In light of the prosecutor's detailed questions and the self-explanatory nature of each of the charged offenses,*fn4 we find no "good cause" for ignoring the procedural bar to adjudicating this claim, and no risk of "fundamental inJustice" flowing from invocation of the bar. In any event, the minute risk of contamination of the indictment due to the grand jury being "uninformed" was rendered moot by defendant's subsequent trial and convictions by the petit jury. See U.S. v. Mechanik, 475 U.S. 66, 70, 106 S. Ct. 938, 941, 89 L. Ed. 2d 50, 56 (1986).

Defendant's claim that the State's evidence was insufficient to support the convictions is clearly without merit. R. 2:11-3(e)(2).

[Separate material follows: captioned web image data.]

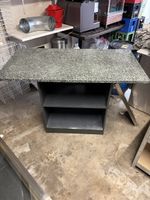 Massiver Arbeitstisch mit Naturstein-/Granitplatte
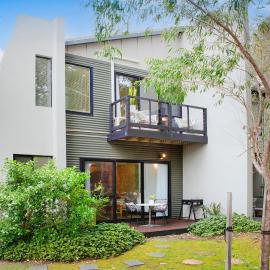 MARGARET FOREST RETREAT Apartment 129 - Located within Margaret Forest, in the heart of the town centre of Margaret River, spa apartment!, hotel in Margaret River
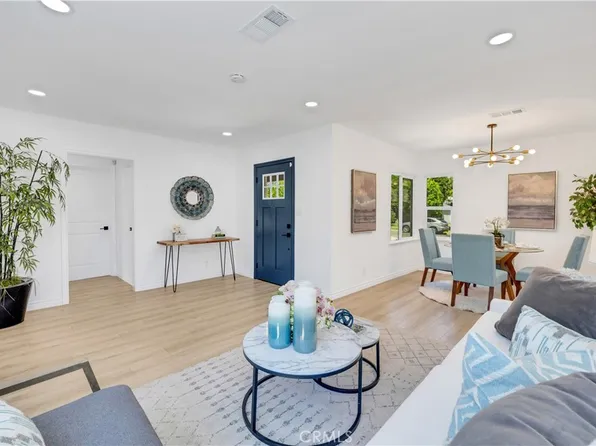 18406 Delano St, Reseda, CA 91335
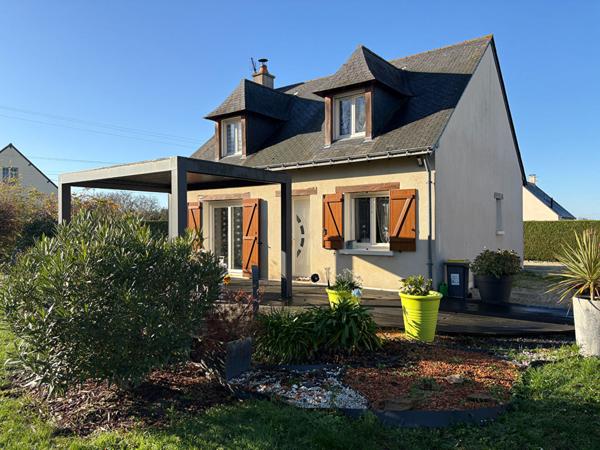 Maison à vendre à Beaufort en Anjou avec terrain de 4000 m2 et grande dépendance.
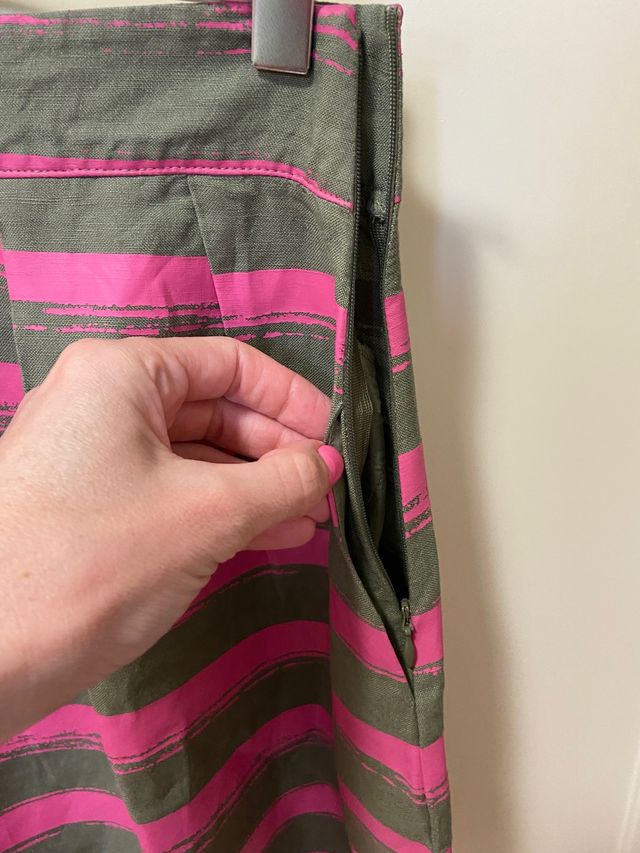 Falda corta mujer marca Adolfo Domínguez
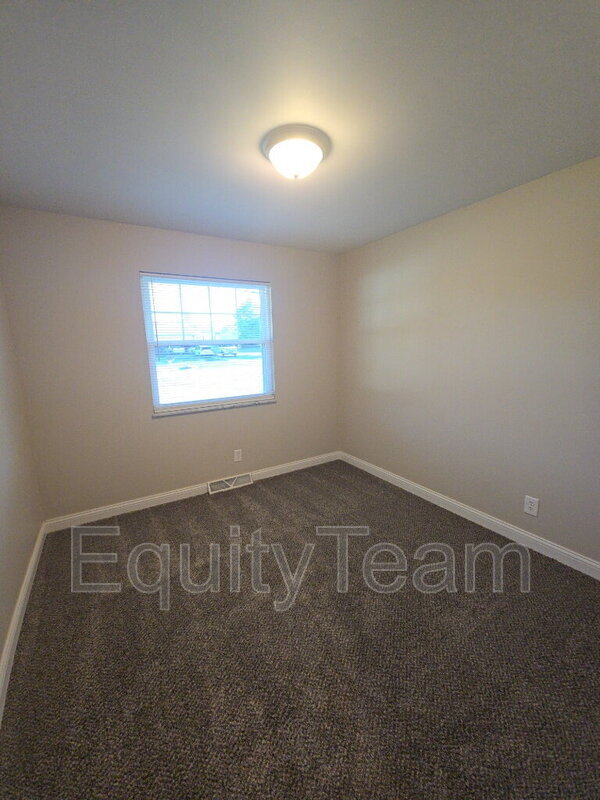 Building Photo - 3517 Mary Ann Dr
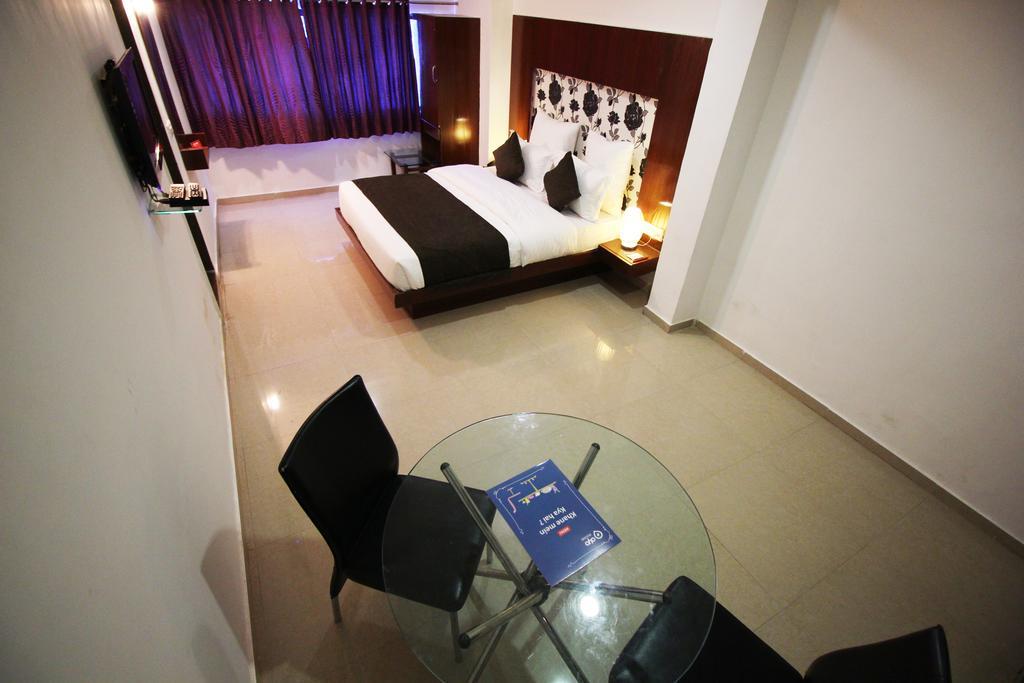 Hotel O Keshav Ahmedabad Luaran gambar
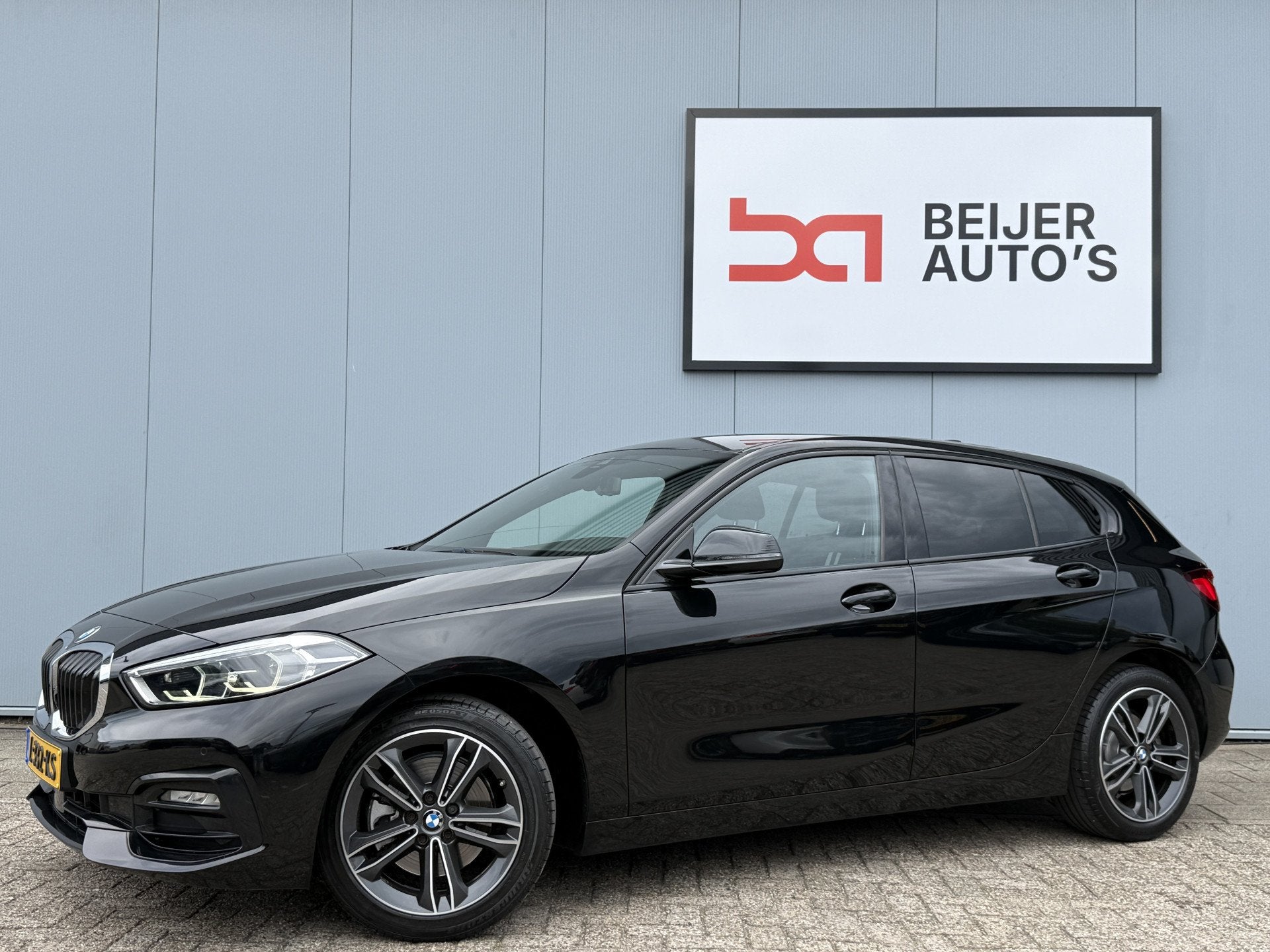 BMW 1-serie 118i Business Edition Automaat 1e eigenaar/Carpl, Dealer onderhouden, 136 pk, Gebruikt, Leder en Stof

Since defendant's conviction for employing a juvenile in a drug distribution scheme is reversed and is to be remanded for retrial, we will not consider the totality of defendant's sentencing arguments, except to state that under State v. Dillihay, 127 N.J. 42, 46-50, 601 A.2d 1149 (1992), the convictions for possession with intent to distribute and possession with intent to distribute within 1,000 feet of school property should have been merged. With this merger and the vacating of the conviction noted above, the matter must also be remanded for resentencing on the remaining counts, which are hereby affirmed.

[262 NJSuper Page 564]

The conviction for employing a juvenile in a drug distribution scheme is reversed and remanded for retrial. The convictions for distribution of CDS and distribution of CDS within 1,000 feet of school property are merged and the sentence for distribution of CDS is therefore vacated. The remaining convictions are affirmed, but the matter is remanded for resentencing.